Segment Open

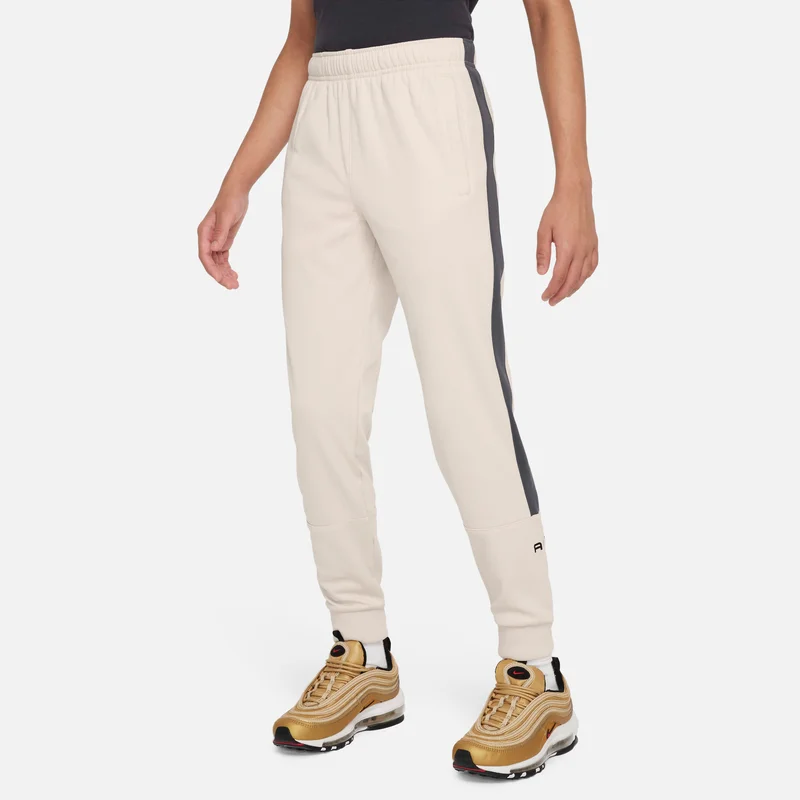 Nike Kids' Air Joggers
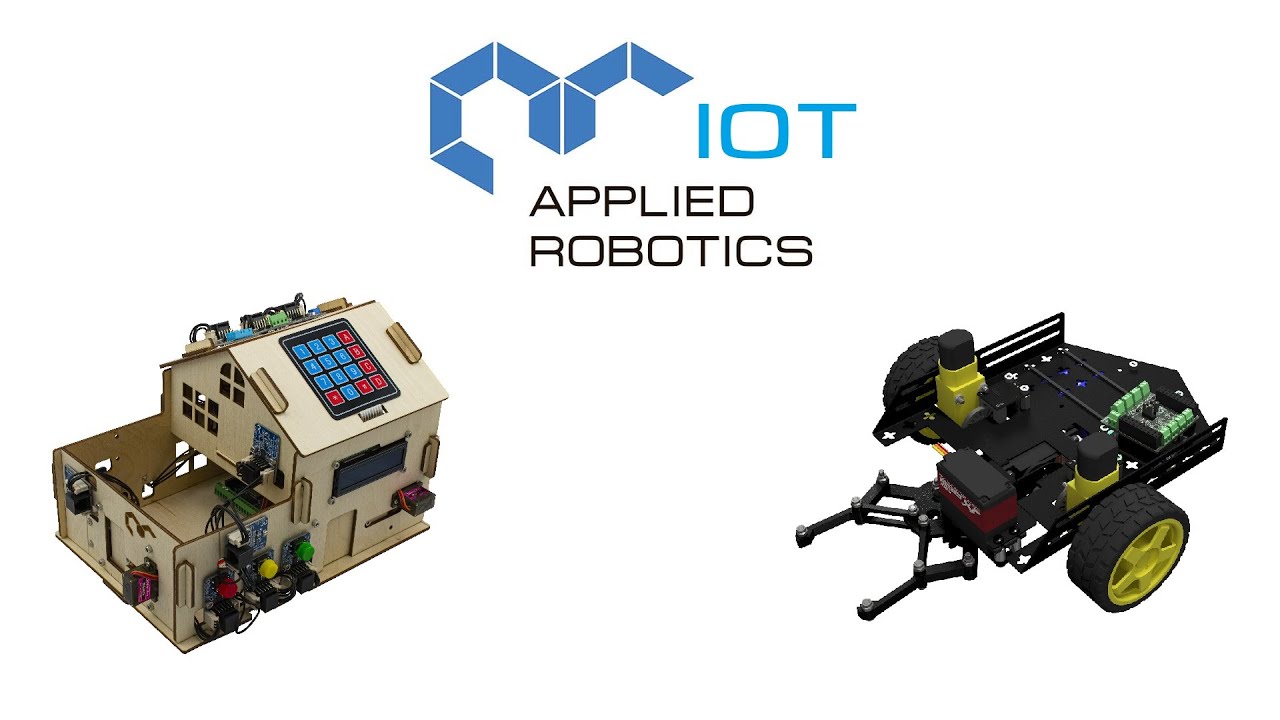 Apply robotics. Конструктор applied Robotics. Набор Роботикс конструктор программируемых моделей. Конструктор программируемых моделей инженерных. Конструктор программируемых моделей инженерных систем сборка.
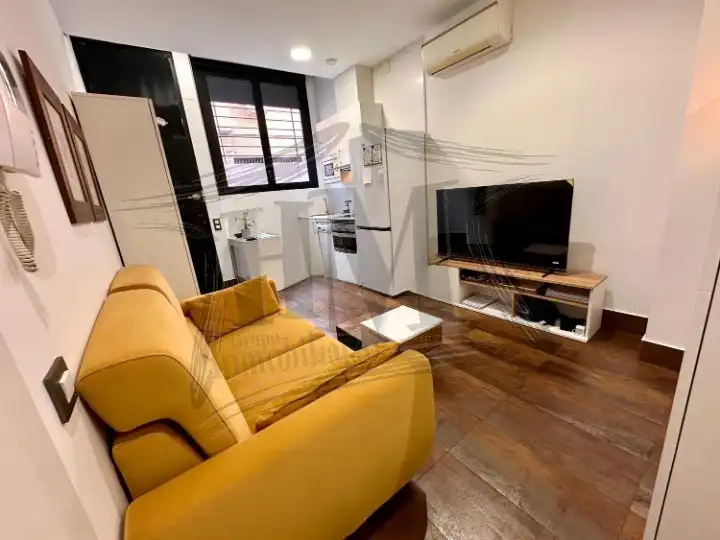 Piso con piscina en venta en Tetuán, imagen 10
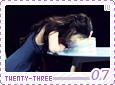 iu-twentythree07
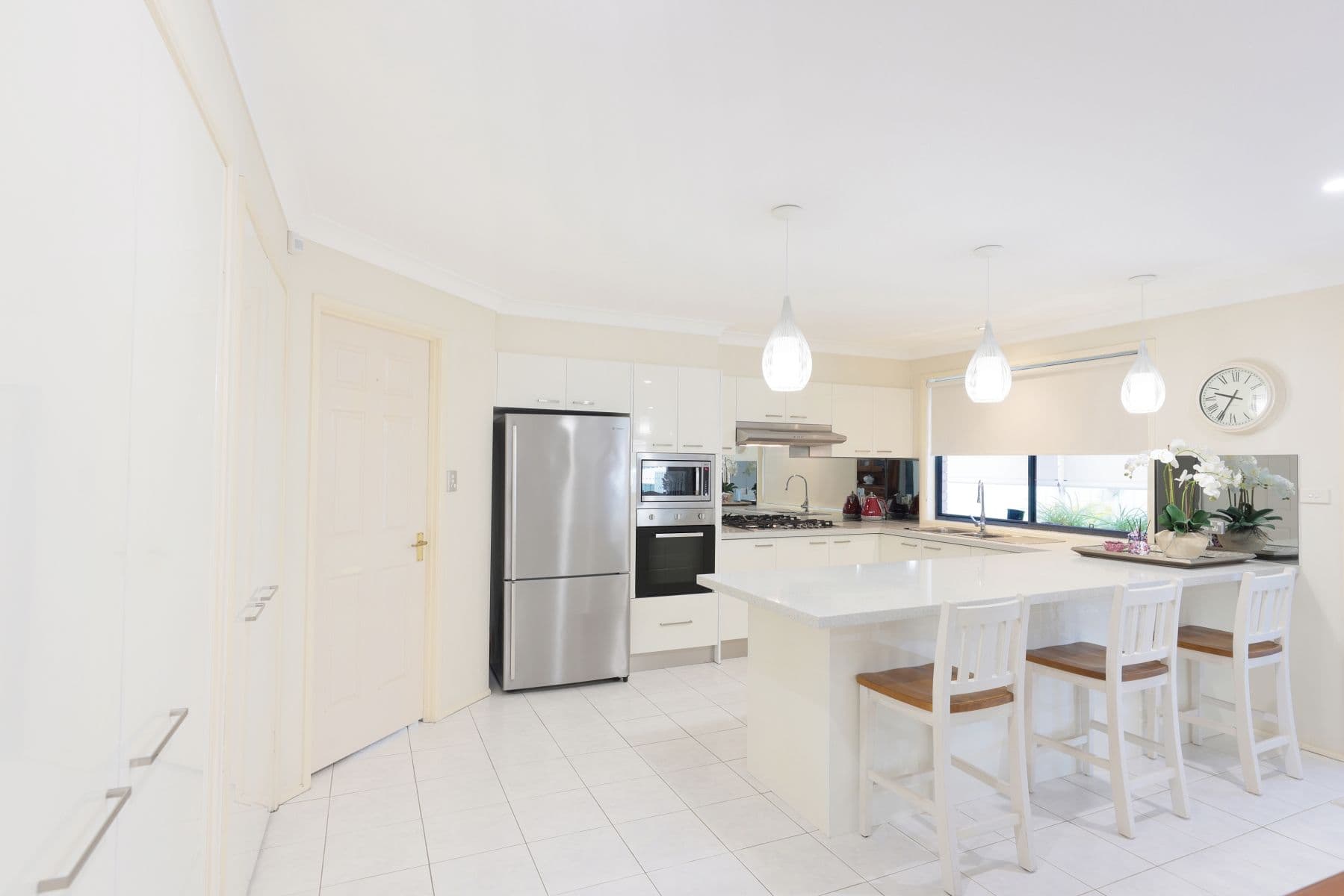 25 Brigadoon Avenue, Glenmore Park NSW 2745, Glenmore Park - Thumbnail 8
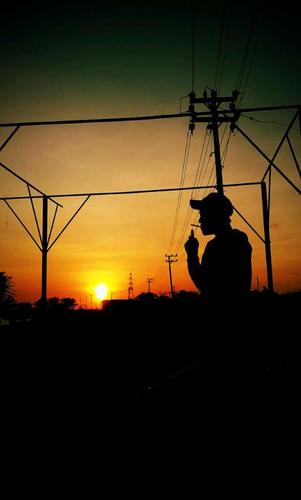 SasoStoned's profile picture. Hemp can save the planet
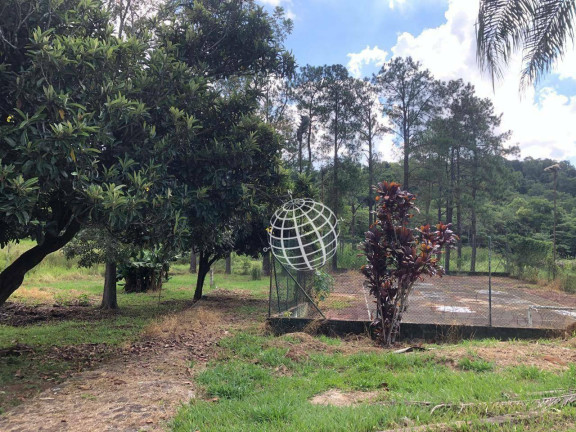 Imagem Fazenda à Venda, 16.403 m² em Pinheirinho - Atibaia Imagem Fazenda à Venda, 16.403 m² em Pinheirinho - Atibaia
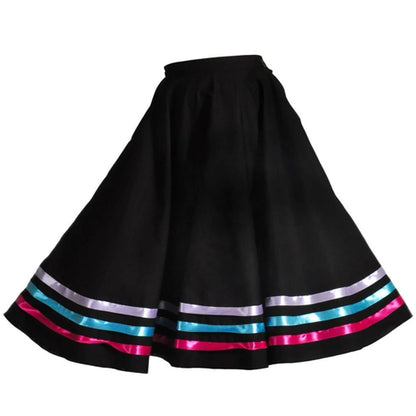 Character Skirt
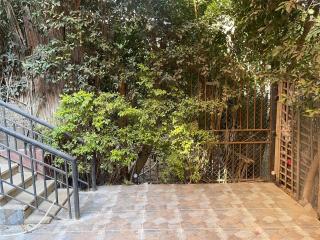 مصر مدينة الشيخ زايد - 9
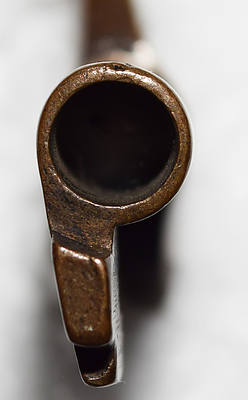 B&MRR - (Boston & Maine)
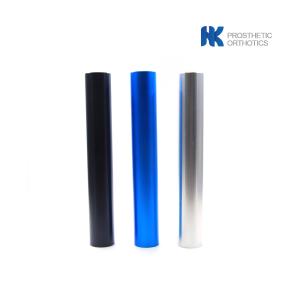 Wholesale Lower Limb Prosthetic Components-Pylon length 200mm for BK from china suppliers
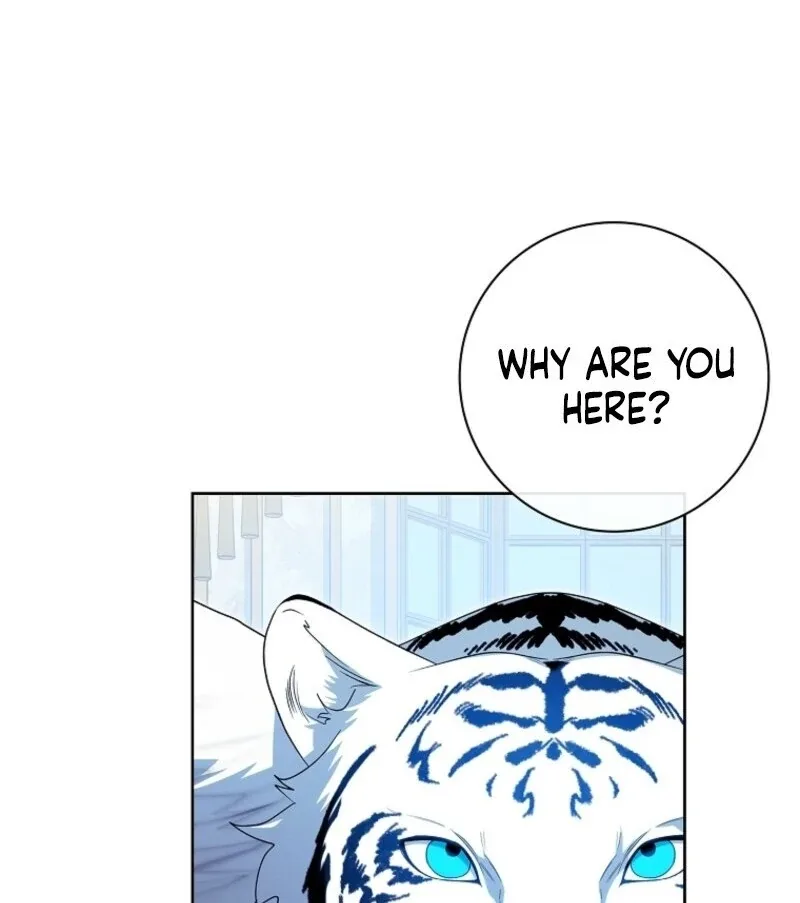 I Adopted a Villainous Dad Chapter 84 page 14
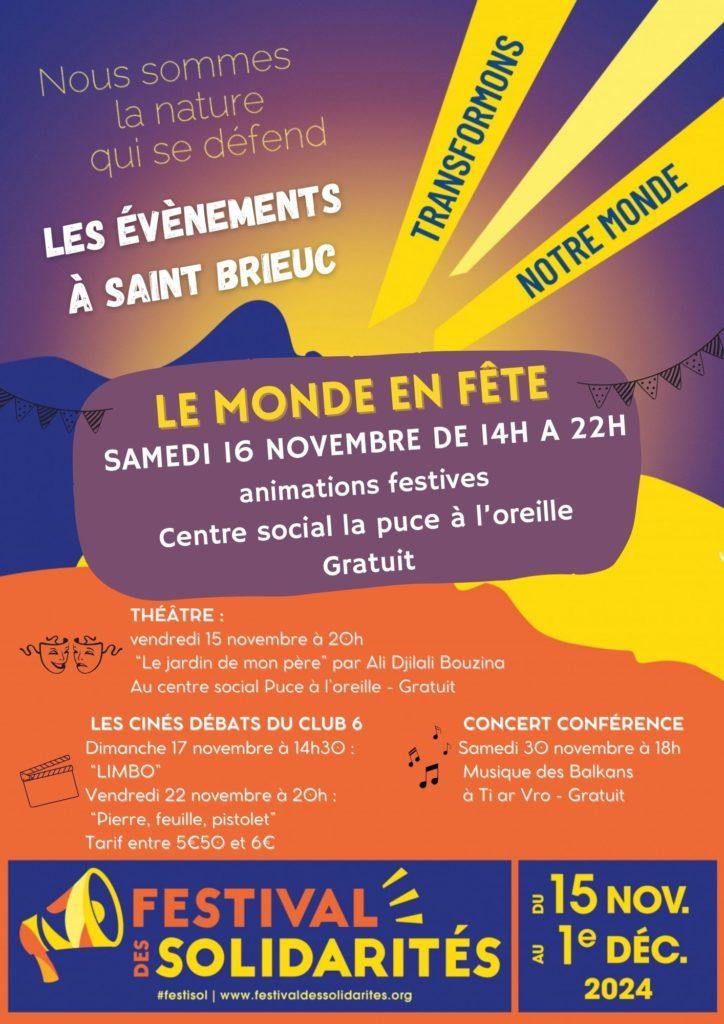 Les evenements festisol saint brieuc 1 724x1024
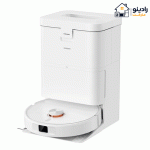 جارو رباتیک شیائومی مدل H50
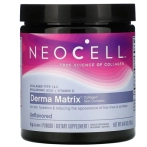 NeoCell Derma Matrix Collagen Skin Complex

Segment Closed

■ GOAL OF THE EXERCISE:
With pictures omitted, restate exactly every line from the one containing "Character Skirt" through the last line of the material, inclusive.

■ TASK ANSWER:
 Character Skirt
 مصر مدينة الشيخ زايد - 9
 B&MRR - (Boston & Maine)
 Wholesale Lower Limb Prosthetic Components-Pylon length 200mm for BK from china suppliers
 I Adopted a Villainous Dad Chapter 84 page 14
 Les evenements festisol saint brieuc 1 724x1024
 جارو رباتیک شیائومی مدل H50
 NeoCell Derma Matrix Collagen Skin Complex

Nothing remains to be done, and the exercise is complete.